═══ PROVIDED RECORDS

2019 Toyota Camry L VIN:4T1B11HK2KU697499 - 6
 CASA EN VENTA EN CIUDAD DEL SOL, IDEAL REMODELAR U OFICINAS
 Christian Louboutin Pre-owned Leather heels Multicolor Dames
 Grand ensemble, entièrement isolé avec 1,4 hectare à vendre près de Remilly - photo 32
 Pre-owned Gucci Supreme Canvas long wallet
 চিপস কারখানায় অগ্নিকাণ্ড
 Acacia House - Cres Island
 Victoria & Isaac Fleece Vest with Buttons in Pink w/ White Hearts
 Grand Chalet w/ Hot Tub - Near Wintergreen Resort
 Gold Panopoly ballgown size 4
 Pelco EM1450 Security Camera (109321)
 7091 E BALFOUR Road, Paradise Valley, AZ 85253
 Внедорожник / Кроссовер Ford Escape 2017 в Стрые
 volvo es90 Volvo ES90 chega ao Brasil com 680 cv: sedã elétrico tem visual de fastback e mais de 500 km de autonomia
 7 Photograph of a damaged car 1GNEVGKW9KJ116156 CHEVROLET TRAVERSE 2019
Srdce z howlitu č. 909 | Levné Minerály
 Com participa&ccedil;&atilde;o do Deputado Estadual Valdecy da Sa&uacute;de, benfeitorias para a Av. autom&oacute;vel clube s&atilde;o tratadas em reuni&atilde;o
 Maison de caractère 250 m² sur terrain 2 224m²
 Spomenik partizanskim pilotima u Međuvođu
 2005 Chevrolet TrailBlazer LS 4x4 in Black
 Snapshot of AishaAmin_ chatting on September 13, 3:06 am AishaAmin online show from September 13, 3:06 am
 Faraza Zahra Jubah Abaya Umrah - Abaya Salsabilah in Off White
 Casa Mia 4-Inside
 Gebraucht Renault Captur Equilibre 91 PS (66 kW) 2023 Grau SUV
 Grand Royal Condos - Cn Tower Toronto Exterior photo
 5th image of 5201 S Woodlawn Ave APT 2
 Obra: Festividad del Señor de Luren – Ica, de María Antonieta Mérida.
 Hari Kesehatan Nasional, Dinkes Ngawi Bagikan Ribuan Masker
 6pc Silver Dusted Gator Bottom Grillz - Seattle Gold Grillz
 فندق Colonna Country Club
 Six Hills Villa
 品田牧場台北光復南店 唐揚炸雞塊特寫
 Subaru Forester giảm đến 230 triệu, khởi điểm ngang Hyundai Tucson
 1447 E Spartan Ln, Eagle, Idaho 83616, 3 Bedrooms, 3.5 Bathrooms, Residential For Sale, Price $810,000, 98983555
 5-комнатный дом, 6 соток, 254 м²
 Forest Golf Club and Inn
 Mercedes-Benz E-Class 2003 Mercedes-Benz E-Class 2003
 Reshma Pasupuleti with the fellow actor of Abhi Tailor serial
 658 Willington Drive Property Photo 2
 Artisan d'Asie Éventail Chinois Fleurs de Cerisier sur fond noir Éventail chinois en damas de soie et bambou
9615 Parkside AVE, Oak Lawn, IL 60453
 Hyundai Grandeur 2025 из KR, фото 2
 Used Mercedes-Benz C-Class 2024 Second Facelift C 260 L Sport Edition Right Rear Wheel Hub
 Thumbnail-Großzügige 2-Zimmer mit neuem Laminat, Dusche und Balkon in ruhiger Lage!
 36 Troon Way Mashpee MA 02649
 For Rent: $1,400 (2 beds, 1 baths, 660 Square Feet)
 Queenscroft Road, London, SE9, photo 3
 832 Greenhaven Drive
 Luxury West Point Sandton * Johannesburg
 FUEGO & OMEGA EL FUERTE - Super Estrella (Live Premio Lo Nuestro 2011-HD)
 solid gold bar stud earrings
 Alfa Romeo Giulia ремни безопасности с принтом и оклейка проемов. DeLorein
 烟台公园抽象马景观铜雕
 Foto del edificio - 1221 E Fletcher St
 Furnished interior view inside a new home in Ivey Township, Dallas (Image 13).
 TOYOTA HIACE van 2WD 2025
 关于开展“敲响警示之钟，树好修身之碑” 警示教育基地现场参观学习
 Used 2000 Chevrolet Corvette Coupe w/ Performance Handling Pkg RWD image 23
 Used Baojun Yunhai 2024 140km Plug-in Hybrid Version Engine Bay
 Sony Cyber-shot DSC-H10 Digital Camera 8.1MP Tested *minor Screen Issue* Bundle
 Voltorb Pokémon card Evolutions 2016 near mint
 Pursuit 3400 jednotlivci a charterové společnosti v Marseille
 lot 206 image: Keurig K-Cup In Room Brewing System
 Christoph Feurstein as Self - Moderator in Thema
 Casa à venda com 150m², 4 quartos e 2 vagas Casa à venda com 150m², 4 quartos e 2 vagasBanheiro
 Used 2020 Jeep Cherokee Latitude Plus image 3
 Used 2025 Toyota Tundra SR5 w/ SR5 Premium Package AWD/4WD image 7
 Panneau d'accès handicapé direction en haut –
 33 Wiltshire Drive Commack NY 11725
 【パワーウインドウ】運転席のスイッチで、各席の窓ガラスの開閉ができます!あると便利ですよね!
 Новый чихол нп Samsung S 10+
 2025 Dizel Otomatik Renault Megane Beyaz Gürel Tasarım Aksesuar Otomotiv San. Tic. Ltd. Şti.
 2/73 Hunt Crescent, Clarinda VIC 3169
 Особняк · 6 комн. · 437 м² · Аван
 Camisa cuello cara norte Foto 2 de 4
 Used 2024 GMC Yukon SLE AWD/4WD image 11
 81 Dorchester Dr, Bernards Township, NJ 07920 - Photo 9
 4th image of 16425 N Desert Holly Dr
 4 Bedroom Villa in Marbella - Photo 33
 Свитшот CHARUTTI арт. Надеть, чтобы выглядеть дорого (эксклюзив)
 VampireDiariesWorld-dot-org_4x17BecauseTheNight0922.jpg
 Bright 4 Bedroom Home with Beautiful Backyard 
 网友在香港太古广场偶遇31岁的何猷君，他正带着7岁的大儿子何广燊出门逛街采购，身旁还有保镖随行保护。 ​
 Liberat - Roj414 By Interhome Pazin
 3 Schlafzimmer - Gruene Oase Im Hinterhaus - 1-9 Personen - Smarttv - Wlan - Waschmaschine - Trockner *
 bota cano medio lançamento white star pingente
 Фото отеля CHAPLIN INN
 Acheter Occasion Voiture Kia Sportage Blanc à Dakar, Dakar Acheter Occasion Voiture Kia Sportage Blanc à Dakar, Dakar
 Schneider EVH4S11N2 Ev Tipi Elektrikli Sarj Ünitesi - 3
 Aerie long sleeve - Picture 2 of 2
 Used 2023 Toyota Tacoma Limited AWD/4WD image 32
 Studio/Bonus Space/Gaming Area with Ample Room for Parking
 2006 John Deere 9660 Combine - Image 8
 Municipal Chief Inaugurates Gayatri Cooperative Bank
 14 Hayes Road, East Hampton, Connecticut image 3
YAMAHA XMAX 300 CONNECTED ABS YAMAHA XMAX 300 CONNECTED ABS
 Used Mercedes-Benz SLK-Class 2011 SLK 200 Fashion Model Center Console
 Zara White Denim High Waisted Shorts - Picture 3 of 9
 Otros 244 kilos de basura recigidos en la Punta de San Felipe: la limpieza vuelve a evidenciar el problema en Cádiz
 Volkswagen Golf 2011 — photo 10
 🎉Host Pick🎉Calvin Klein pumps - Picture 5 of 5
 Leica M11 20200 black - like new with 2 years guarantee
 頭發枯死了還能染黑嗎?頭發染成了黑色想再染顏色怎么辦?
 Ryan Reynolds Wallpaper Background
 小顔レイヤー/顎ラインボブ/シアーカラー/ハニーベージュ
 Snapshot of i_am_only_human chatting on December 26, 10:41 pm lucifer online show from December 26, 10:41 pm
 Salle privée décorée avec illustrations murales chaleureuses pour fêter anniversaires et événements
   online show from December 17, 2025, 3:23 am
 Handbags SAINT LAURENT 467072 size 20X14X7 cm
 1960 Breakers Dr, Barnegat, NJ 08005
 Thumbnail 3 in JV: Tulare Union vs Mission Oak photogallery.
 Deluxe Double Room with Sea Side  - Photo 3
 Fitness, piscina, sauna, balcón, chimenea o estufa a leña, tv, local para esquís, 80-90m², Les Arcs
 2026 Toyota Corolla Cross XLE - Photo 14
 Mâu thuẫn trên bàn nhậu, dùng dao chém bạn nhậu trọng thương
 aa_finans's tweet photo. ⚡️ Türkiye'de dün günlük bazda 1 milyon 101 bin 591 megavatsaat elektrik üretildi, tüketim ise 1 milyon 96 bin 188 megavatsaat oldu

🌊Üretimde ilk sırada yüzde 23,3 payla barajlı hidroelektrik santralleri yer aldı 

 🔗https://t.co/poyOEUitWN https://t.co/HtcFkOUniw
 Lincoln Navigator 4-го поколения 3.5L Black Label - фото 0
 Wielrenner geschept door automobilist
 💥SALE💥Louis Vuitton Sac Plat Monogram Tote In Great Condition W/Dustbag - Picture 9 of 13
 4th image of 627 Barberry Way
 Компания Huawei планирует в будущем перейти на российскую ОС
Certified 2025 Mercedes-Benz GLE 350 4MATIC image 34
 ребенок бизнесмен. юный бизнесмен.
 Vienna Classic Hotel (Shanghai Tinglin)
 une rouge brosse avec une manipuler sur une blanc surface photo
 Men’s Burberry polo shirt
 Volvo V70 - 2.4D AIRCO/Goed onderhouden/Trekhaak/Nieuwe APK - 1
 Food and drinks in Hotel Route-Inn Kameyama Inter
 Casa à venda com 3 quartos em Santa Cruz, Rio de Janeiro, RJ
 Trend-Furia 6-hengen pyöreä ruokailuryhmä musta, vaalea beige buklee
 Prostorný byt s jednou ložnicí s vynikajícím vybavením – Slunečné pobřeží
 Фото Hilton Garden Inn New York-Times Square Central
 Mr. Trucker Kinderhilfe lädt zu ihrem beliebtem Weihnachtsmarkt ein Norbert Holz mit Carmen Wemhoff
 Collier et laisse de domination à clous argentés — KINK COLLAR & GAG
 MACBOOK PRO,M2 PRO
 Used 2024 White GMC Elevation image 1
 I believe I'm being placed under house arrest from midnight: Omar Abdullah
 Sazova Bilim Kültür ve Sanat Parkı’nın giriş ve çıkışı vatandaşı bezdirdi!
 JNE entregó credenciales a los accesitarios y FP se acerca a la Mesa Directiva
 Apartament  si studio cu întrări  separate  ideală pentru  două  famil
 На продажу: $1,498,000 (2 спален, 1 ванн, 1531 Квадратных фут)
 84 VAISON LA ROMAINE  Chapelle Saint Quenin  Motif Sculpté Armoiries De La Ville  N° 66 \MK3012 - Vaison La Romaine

══════

■ BRIEF ■
Write out a verbatim copy of the data, beginning with its first line and ending with the line that contains "Christian Louboutin Pre-owned".

■ WRITTEN SOLUTION ■
2019 Toyota Camry L VIN:4T1B11HK2KU697499 - 6
 CASA EN VENTA EN CIUDAD DEL SOL, IDEAL REMODELAR U OFICINAS
 Christian Louboutin Pre-owned Leather heels Multicolor Dames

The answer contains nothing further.